Thursday, 18 March 2010
Agence France-Presse

Single page print view

CoRoT-9b

This artist's impression of exoplanet Corot-9b, circling its star.

Credit: Instituto de Astrofsica de Canarias

PARIS: Astronomers have found a temperate planet the size of Jupiter that whips around its star at close proximity.

The work is a technical exploit in the field of exoplanets, as planets outside our Solar System are called, they said.

"This is the first [exoplanet] whose properties we can study in depth," said Claire Moutou, one of 60 astronomers who took part in the discovery.

Most exoplanets found are 'hot Jupiters'

More than 400 exoplanets have been spotted since the first came to light in 1995.

To the disappointment of those dreaming of a home from home, none has yet proved to be a small, rocky, watery world like our own.

Instead, most are 'hot Jupiters' - huge gassy balls that are so close to their stars that their surfaces can be scorched to a thousand degrees Celsius (1,800 degrees Fahrenheit) or more.

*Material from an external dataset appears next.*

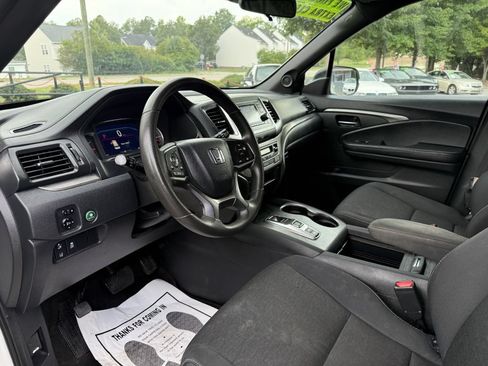 Used 2019 Honda Passport Sport image 9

CoRoT-9 in the constellation Serpens

The new find, named CoRoT-9b after the French orbital telescope that originally spotted it in 2008, takes a little over 95 days to orbit its host star, CoRoT-9, located 1,500 light years away in the constellation of Serpens, the Snake.

By comparison, the planet Mercury takes 88 days to orbit the Sun.

CoRoT-9b, though, is a gas giant with a mass about 80% that of Jupiter and - compared with other such exoplanets - is relatively temperate.

Temp: between 160 and -20°C

It's surface temperature of between 160 and -20°C, according to the research published by the journal Nature.

The big range in estimates stems mainly from uncertainty about the reflectivity of clouds in the planet's upper atmosphere.

CoRoT-9b is one of only 70 exoplanets that have been captured because they happen to transit directly between the star and the telescope, allowing scientists to study it further.